La différence est bien visible aujourd’hui en Alsace-Moselle, cette « Terre d’Empire » annexée par le Reich allemand qui n’a pas connu la séparation de l’Eglise et de l’Etat en 1905, et qui a conservé le régime concordataire.
Quand les Alsaciens de la zone frontière ont été évacués en 1939 vers le Sud-Ouest, ce qui a le plus surpris les habitants des villages d’accueil, en dehors que ces « étrangers » ne parlaient pas français, c’était la cohésion sociale de cette communauté regroupée autour de son prêtre ou de son pasteur.
Mais pour revenir à la différence fondamentale entre la France et l’Allemagne:
Au départ, en France tout comme dans les pays allemands, le souverain l’est « par la grâce de Dieu ». Une différence fondamentale: la France est un pays centralisé, dirigé par un monarque absolu qui pratique la politique du pré carré, tandis que les pays allemands sont une myriade de royaumes, duchés, grands-duchés et principautés de toutes tailles, formant un ensemble plus ou moins lâche sous la direction d’un « empereur germanique » qui siège à Vienne.
Or, en France, il se passe un événement considérable en 1789: la Révolution, qui abolit la royauté, la religion, instaure la République, dont les idées et idéaux essaimeront en Europe, véhiculés par les armées napoléoniennes, entre autres en Allemagne.
Après la chute de Poléon, la réaction royaliste et catholique reprend les rênes en France. L’avènement de la IIIe République marque la faille dans la société française. La droite réactionnaire sous l’alliance du sabre et du goupillon, qui culminera avec l’affaire Dreyfus, et la gauche républicaine et laïque, dont le cheval de bataille sera l’instruction publique, qui était jusqu’alors l’apanage du clergé.

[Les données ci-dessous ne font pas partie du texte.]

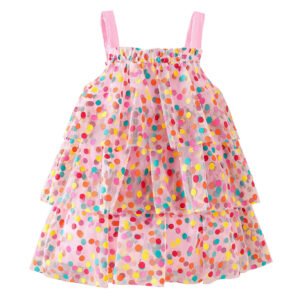 Liuliukd | Toddler Girls Colorful Dots Layered Dress-Kids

En Allemagne, le mouvement unitaire va se faire à partir de la Prusse dont le berceau, la province de Brandebourg autour de Berlin, est de tradition protestante. Mais la Prusse occupe un immense territoire, qui va de la frontière russe à la frontière française (Sarrebruck est prussienne), et les régions périphériques, notamment la Rhénanie, la Silésie et, depuis le partage de la Pologne, la Posnanie, sont de tradition catholique. De plus, la province de Posen ainsi que la Haute-Silésie sont peuplées d’allogènes de langue polonaise. En Rhénanie, au fil de l’industrialisation, on assistera à la naissance d’un catholicisme social (qui inspirera aussi le catholicisme social en Belgique). C’est de cette mouvance chrétienne et sociale que se réclamera le premier chancelier fédéral Konrad Adenauer, qui entra dans la politique comme bourgmestre de Cologne. Dans la constellation prussienne, le catholicisme rhénan représente une force oppositionnelle très virulente, très ancrée chez les milieux ouvriers de la région de la Ruhr, fer de lance de l’industrie prussienne. L’autre bastion industriel est la Haute-Silésie, autre région à dominance catholique. Entre les deux, des régions d’économie agraire, au sol plus ou moins ingrat, et peuplées de protestants.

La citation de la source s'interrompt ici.